L’Union Benelux est une région où il fait bon vivre, travailler et habiter. Pour garantir cette qualité de vie unique dans la région, il est nécessaire de prêter attention à la sécurité des citoyens.

L’Union Benelux continuera à oeuvrer dans le cadre de la lutte contre les fraudes et les abus transfrontaliers, notamment en matière fiscale, sociale et alimentaire.

La sécurité des citoyens est assurée par la mise en oeuvre du Traité de police Benelux renouvelé. Celui-ci a pour objectif d’intensifier et d’étendre la coopération en vue du maintien de l’ordre public et de la sécurité publique, ainsi que de la prévention, de la détection des infractions pénales et d’enquêtes en la matière. Plus particulièrement, un certain nombre de nouvelles possibilités sont prévues en termes d’échange d’informations, de poursuites transfrontalières et d’exécution d’actes de recherche sur le territoire respectif des
autres pays du Benelux.

La coopération transfrontalière dans le domaine de la justice sera aussi approfondie. Outre les domaines de la traite des êtres humains et de la vérification de pré-emploi, des initiatives communes seront développées en matière d’exécution des peines et des mesures.

L’Union Benelux soutiendra le renforcement de la coopération stratégique et opérationnelle entre les partenaires en cas des de crises et catastrophes ayant un impact transfrontalier. En outre, l’Union Benelux poursuivra ses travaux d’analyse des méthodologies nationales de risques en vue d’identifier les risques transfrontaliers, l’objectif étant de permettre des actions plus efficaces pour des raisons d’économie d’échelle et de complémentarité tel que souhaité dans le cadre européen.

La coopération étroite qui lie nos pays se poursuivra aussi dans le domaine de l’asile et des migrations dans le courant des années à venir. Elle portera essentiellement sur le retour, sur les flux migratoires ainsi que sur l’adoption de positions communes dans le contexte européen.
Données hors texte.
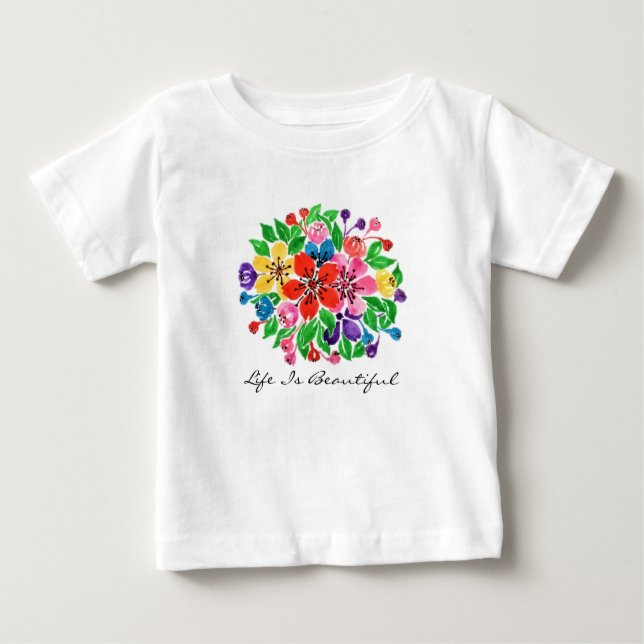 Watercolor Rainbow Flowers Baby T-Shirt (Front)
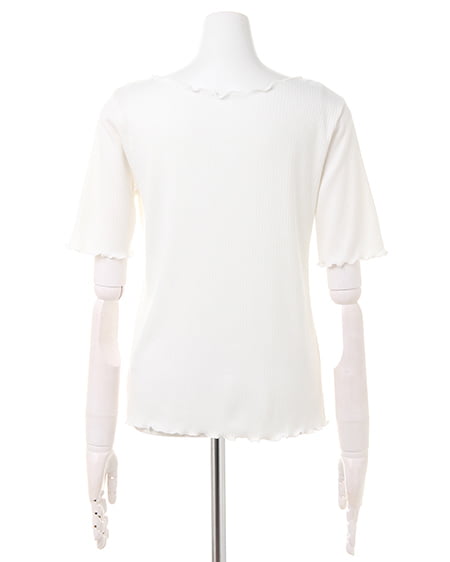 INGNI（イング） リブメロートップス＋ナロージャンスカ／SET ｵﾌﾎﾜｲﾄ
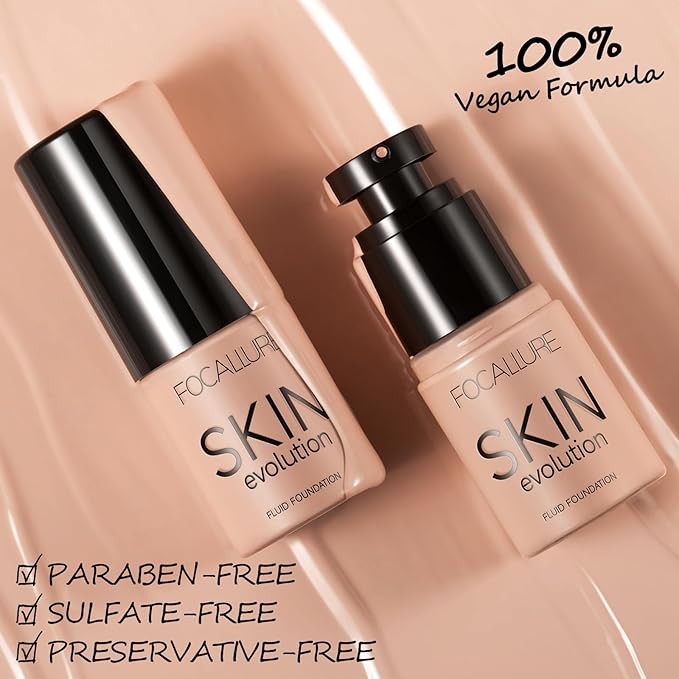FOCALLURE 2 Pcs Liquid Foundation, Skin Evolution Foundation + Concealer, Full Coverage Foundation Makeup, Durable, Waterproof, Oil-Control, Hides Wrinkles & Lines, Warm Beige-Velvo Beauty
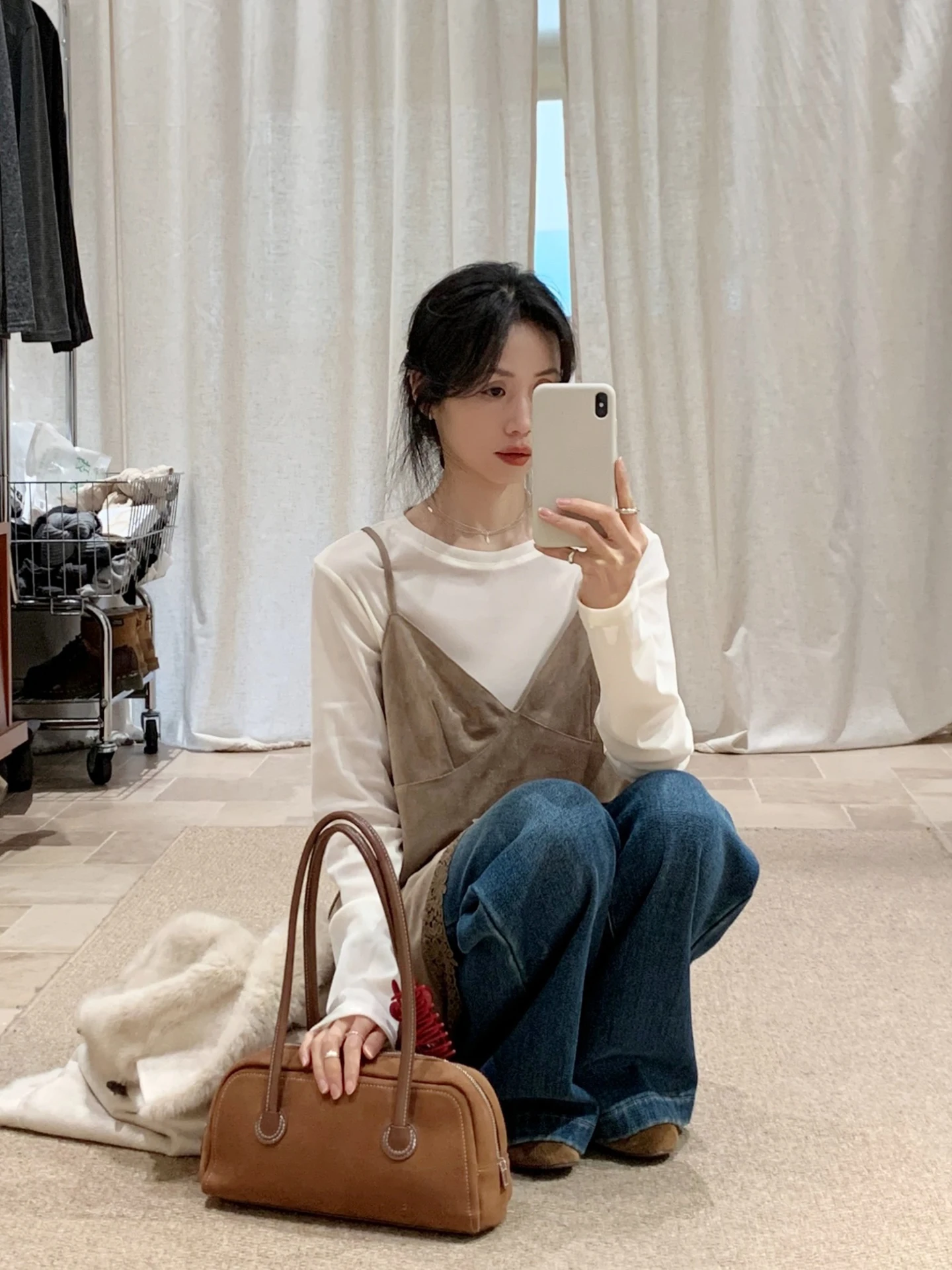 

Korean Sle Long Sve T-irt Top And Vest Two-Piece Set Women's Faion Spring New Arrival Age-Defng Strap Design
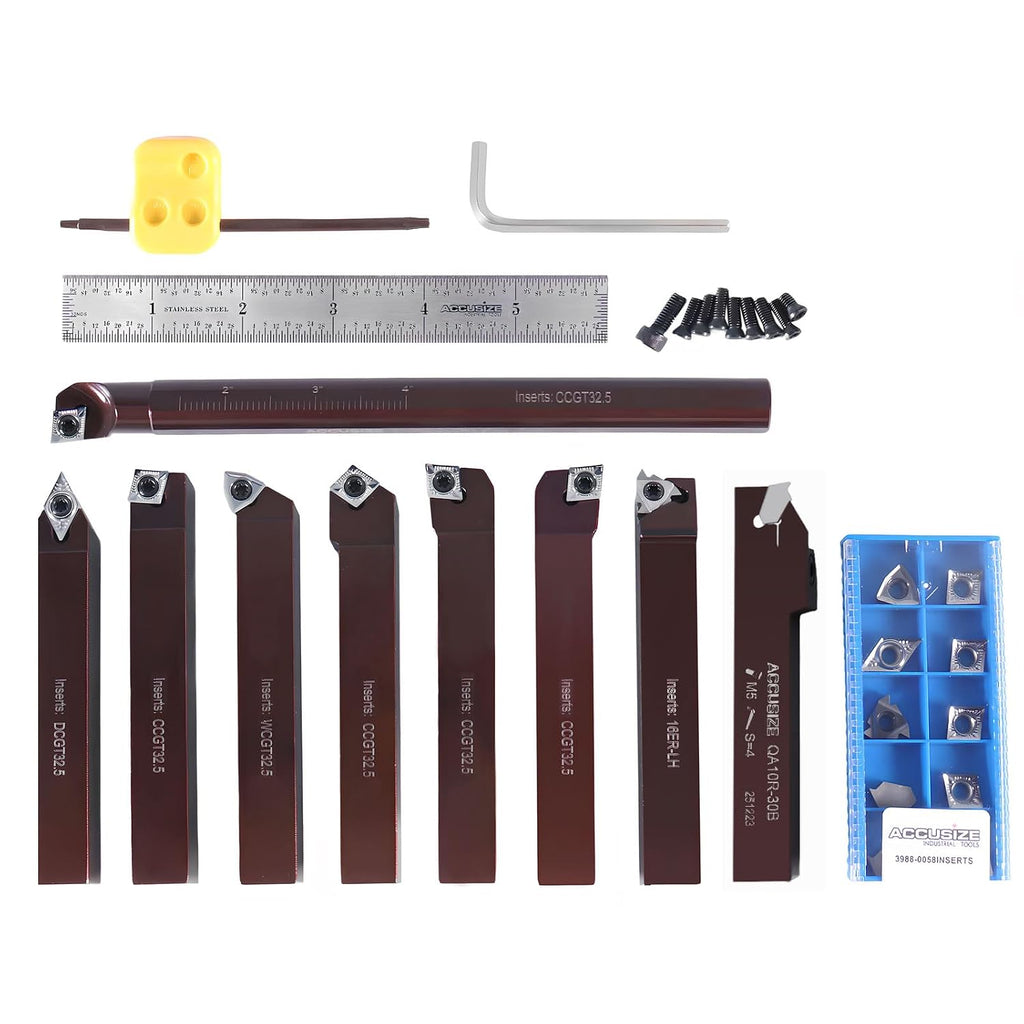 Accusize 5/8 in Shank Indexable Carbide Turning Tool Set, 3988-0058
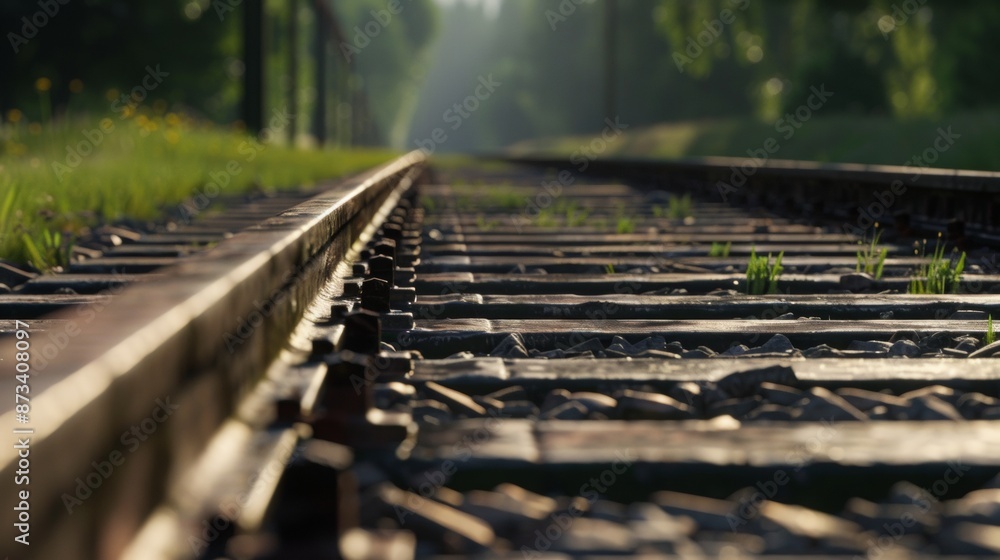 The railway tracks, filmed in close-up, go into the distance. The railway tracks, filmed in close-up, go into the distance.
Le monde est en constante évolution et l’Union Benelux ne peut pas se reposer sur ses lauriers, d’autant que, dans le contexte de la lutte contre les activités criminelles qui ont une influence déstabilisante sur la société, de nouvelles formes de criminalité transfrontalière apparaissent chaque jour. Il est donc essentiel de pouvoir comparer et confronter les analyses de la criminalité pertinentes déjà disponibles des trois pays.

L’ingéniosité et la complexité des mécanismes criminels ne connaissent pas de limites, et l’existence des frontières, ainsi que les différences qui subsistent dans la lutte contre la criminalité et la fraude, constituent de véritables obstacles à une coopération proactive entre les trois pays. Or, nos citoyens attendent des pouvoirs
publics qu’ils garantissent leur sécurité et leur qualité de vie et les protègent contre les menaces qui peuvent émaner d’une société moderne en constante évolution. Ils ne s’inquiètent donc pas seulement de leur sécurité au sens de « sécurité collective », qu’il s’agisse de la sécurité policière, de la justice, voire de la sûreté des installations à risques, ou encore des conséquences du changement climatique. Ils demandent également que les pouvoirs publics accordent une grande attention à d’autres aspects plus personnels de leur sécurité, tels que la sécurité alimentaire ou la cybersécurité, en mettant l’accent sur les escroqueries numériques et les fraudes dans les ventes sur Internet. Il conviendra donc de travailler ensemble à l’élaboration de scénarios et à leur mise à jour régulière afin de prévenir ces risques et, le cas échéant, de faire face conjointement aux conséquences.